Chapitre 2

À sa descente de voiture, Charles fut accueilli par le commissaire de police Gunther Krauter.

Il ne se laisserait pas faire. On l’avait soustrait de façon bien peu délicate à son colloque, sans même lui expliquer pourquoi.

Il détestait les interventions en force des autorités. En fait, il avait renoncé à une carrière de consultant politique justement à cause du côté collet monté de ce milieu. Il ne supportait pas le costard-cravate. Ça lui donnait l’air d’un pingouin, disait-il, à cause de son cou épais et court, qui contrastait avec le reste de son corps – taille et poids moyens, le physique ordinaire de quelqu’un qui s’entretient. C’est pourquoi il faisait confectionner ses chemises sur mesure. Il pouvait se le permettre. Les conférences qu’il donnait, ses honoraires de spécialiste en communication politique, les droits d’auteur de ses livres à succès lui assuraient de confortables revenus, et à tout cela s’ajoutaient les gratifications que les gouvernements des États-Unis et de la Grande-Bretagne, plus quelques investisseurs privés, lui avaient accordées. Tout cela avait fait de lui un homme presque fortuné. Ses marques préférées étaient Charvet, Brioni et Kiton. Les mauvais jours et pour varier, il portait du Breuer, de l’Eton ou du Turnbull & Asser. Il fallait en convenir, sa garde-robe était si foisonnante et son dressing si vaste que l’une de ses amantes avait fondu en larmes, un beau matin, quand elle y était entrée par mégarde en cherchant la salle de bains. Ce qui comptait pour lui, c’étaient les marques, mais surtout les matières et la qualité des coutures. Il ne portait jamais ce qui de près ou de loin pouvait ressembler à un pull-over ou à toute autre matière rêche – les couvertures dans certains hôtels pouvaient le rendre fou. Sa chemise devait être une caresse, et lui procurer une sensation de bien-être tout au long de la journée. Il préférait le coton. Le coton Pima, d’Égypte ou Sea Island, pourvu qu’il entre dans la catégorie « coton à fibres très longues ». Il appréciait aussi le twill italien ou la batiste et la marceline. De temps à autre, il s’offrait des chemises en popeline. Ces marques avaient leur propre designer et certaines ne fournissaient qu’une poignée de clients. Charvet était sa préférée, la Rolls Royce de la chemise sur mesure. Rien que dans les blancs et les bleus, on comptait deux cents nuances. Alors, à chacun de ses passages à Paris, la maison Charvet, place Vendôme, était pour Charles une destination obligatoire.

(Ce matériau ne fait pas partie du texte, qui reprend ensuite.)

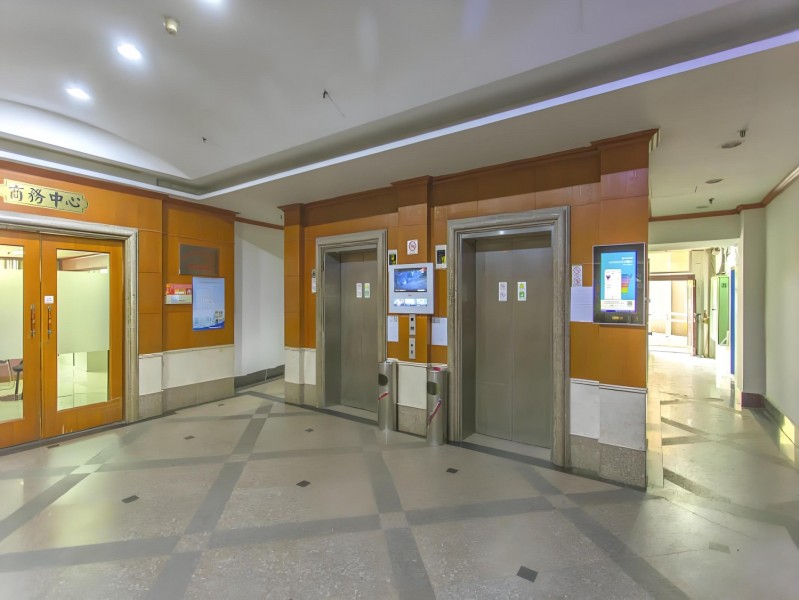 虹桥世家花园大堂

— Où vous fournissez-vous en chemises ? demanda le commissaire avec curiosité.

Charles s’étonna du sens de l’observation du policier. Il n’était pas donné à tout le monde de reconnaître une Brioni, la chemise rose pâle qu’il portait ce jour-là. Ainsi, le flic avait du goût. Où se l’est-il formé ? se demanda Baker. Il était certain que personne à trois cents kilomètres à la ronde n’avait jamais vu une telle qualité. Mais par précaution, et parce qu’il détestait mettre les gens mal à l’aise à part quand c’était absolument nécessaire, il répondit :

— C’est ma femme qui me les achète. Je n’y connais rien.

Il n’était pas marié et, puisqu’il n’était pas bon menteur non plus, il venait de dire ce qui lui était passé par la tête.

— Pourquoi suis-je ici ? poursuivit-il.

Le policier le regarda, l’air hésitant. Devait-il le lui dire sur place, l’inviter à le suivre et lui montrer, ou l’envoyer au poste et l’interroger ? Christa Wolf avait insisté pour que Baker soit convoqué sur la scène de crime. Alors il se limita à obéir.

— Suivez-moi.

Ils prirent la côte en direction de l’escalier.